- Born: 17 January 1882
- Died: 3 December 1968 (aged 86)
- Allegiance: United Kingdom
- Branch: British Indian Army
- Service years: 1901–1930
- Rank: Brigadier-General
- Conflicts: Second Boer War World War I
- Awards: Commander of the Order of the British Empire Military Cross

= Frank Dutton Frost =

Brigadier-General Frank Dutton Frost, (17 January 1882 – 3 December 1968) was a British Army officer, who later joined the British Indian Army.

==Biography==
Frost served in South Africa during the Second Boer War, first as a trooper with the Royal Wiltshire Yeomanry contingent to the Imperial Yeomanry, and from November 1901 with the 3rd (Militia) Battalion of the Cheshire Regiment, where he was commissioned a second lieutenant. He was promoted to lieutenant on 31 May 1902, and left South Africa with the rest of the battalion in September 1902, after the end of the war. He received a regular commission in the Cheshire regiment in 1906.

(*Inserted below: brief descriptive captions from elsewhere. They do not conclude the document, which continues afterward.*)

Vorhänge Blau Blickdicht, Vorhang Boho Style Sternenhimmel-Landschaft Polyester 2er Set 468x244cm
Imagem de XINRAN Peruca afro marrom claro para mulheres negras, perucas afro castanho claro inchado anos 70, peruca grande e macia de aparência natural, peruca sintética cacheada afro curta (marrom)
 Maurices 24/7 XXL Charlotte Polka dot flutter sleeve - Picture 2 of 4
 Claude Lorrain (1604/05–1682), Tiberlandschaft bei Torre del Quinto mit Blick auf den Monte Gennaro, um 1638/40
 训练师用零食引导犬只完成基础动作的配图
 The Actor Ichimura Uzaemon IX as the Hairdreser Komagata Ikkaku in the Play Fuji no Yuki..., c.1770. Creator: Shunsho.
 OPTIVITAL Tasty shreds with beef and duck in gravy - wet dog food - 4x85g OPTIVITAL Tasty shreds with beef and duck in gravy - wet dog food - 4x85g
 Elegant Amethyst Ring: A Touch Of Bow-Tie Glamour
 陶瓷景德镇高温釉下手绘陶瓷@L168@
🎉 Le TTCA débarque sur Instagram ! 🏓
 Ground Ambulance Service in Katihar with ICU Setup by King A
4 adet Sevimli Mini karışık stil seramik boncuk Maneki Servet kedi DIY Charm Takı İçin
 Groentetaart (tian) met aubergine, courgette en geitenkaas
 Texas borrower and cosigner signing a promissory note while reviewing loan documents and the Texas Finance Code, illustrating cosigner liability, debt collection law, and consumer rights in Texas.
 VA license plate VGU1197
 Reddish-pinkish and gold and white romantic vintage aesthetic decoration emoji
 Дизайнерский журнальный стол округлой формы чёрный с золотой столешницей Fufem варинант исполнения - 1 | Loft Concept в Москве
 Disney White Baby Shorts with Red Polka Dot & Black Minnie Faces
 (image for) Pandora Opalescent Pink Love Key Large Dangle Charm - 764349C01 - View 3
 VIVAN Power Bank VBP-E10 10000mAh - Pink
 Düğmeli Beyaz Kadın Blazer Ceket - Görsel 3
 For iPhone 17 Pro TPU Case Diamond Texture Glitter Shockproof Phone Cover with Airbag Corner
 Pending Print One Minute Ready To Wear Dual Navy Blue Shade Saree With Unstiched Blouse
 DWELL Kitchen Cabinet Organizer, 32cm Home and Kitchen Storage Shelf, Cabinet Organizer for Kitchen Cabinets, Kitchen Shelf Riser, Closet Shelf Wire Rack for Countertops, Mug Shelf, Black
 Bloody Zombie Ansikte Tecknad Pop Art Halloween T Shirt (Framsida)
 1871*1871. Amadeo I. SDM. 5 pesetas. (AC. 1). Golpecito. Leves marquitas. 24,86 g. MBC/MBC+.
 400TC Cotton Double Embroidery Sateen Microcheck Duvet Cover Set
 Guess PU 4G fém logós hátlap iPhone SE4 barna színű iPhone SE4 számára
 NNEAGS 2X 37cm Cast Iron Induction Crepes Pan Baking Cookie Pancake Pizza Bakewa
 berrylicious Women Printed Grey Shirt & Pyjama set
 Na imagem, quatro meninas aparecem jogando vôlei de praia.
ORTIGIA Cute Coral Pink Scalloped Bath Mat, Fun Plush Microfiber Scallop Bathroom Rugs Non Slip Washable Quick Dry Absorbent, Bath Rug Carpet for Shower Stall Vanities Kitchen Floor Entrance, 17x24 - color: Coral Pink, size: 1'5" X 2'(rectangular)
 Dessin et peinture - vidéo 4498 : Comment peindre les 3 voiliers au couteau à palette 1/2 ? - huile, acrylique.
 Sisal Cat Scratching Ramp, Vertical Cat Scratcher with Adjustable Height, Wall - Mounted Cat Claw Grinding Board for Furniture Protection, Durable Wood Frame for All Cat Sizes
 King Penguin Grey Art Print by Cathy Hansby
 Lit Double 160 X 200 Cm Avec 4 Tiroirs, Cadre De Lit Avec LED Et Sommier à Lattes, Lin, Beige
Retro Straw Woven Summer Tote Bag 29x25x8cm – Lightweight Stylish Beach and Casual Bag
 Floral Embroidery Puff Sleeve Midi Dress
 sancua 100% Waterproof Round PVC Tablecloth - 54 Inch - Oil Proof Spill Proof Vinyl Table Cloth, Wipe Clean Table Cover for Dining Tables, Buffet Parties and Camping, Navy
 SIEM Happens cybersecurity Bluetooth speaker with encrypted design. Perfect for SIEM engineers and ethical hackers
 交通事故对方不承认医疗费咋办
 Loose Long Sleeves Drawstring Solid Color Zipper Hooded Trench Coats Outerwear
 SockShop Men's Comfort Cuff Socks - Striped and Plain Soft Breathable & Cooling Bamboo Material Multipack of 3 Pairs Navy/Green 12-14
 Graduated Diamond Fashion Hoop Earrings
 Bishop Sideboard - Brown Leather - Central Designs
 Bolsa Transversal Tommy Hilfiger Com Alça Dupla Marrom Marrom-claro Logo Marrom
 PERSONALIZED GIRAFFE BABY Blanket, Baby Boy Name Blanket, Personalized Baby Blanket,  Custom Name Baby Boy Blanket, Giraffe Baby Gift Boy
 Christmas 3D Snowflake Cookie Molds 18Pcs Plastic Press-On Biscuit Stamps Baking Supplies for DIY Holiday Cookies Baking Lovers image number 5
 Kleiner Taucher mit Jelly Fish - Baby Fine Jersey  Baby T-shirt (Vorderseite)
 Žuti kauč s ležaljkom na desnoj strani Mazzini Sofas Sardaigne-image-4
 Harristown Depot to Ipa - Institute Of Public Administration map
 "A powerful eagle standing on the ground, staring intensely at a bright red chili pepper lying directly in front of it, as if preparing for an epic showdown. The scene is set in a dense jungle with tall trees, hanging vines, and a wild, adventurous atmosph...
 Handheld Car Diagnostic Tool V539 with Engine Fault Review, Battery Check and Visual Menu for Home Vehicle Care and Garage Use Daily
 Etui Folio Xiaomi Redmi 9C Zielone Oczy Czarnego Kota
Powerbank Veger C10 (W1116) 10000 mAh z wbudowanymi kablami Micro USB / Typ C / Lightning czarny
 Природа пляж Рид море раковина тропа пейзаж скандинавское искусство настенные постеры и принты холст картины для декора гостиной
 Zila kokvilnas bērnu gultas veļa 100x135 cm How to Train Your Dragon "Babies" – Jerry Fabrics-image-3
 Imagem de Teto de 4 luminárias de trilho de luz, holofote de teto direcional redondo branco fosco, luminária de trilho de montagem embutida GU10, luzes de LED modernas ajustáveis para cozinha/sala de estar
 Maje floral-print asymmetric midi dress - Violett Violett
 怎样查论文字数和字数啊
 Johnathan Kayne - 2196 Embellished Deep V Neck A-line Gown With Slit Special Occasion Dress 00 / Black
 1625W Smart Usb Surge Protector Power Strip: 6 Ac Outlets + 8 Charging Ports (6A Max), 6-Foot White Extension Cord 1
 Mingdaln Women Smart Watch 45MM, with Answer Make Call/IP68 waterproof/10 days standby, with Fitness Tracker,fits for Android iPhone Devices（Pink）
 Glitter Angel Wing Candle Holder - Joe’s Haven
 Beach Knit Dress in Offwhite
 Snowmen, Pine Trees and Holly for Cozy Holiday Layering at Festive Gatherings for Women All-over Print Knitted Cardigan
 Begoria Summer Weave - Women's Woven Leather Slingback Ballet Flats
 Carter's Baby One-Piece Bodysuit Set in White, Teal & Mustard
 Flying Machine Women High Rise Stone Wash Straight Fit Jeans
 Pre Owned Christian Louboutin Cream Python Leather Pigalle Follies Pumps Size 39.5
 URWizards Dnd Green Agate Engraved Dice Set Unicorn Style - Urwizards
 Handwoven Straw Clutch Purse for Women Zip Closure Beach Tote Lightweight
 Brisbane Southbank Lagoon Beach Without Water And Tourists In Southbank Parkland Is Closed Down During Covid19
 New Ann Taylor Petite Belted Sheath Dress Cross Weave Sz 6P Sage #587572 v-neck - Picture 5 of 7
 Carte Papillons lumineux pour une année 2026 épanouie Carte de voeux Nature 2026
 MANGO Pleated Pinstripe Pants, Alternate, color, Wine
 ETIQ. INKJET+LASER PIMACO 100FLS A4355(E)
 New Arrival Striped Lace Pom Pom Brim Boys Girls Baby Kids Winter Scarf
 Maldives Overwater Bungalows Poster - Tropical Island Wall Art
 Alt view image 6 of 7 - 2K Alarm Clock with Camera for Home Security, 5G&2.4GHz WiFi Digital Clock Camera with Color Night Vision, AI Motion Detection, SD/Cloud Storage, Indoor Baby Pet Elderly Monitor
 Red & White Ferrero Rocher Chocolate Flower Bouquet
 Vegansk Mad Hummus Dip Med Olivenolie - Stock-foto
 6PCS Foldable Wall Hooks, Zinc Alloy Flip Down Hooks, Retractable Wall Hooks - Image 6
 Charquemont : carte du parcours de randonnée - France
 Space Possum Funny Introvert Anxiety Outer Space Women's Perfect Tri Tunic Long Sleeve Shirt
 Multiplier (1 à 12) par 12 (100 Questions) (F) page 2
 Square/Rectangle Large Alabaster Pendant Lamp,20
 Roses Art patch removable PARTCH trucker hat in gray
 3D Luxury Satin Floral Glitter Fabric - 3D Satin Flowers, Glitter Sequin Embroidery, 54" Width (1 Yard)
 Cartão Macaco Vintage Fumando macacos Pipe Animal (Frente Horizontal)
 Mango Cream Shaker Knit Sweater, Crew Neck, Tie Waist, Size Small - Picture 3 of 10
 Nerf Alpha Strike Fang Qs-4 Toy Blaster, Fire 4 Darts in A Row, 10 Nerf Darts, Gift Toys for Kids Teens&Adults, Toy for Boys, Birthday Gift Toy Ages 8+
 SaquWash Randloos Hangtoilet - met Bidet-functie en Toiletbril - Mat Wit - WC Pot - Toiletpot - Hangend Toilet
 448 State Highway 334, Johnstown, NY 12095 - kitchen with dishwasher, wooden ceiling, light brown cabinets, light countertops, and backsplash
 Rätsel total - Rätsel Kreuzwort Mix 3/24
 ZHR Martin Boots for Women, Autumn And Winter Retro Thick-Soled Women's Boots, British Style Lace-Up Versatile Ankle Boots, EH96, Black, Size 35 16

Frost served during the First World War. On 21 September 1914 he transferred to the Supply & Transport Corps of the British Indian Army. Later he was in put in charge of the Directorate of Labour in Baghdad during the Mesopotamian campaign. On retirement from the Army in October 1930 with the rank of colonel and honorary brigadier-general, he then worked as a missionary in the North-West Frontier until 1945.

He married in 1912 Elsie Dora Bright. Their son was John Dutton Frost, an officer who served in the Parachute Regiment during the Second World War. They also had two daughters. His wife died in 1952. In 1954 he married for a second time, Rhoda Collins, widow of Edward Collins, Kelvindale.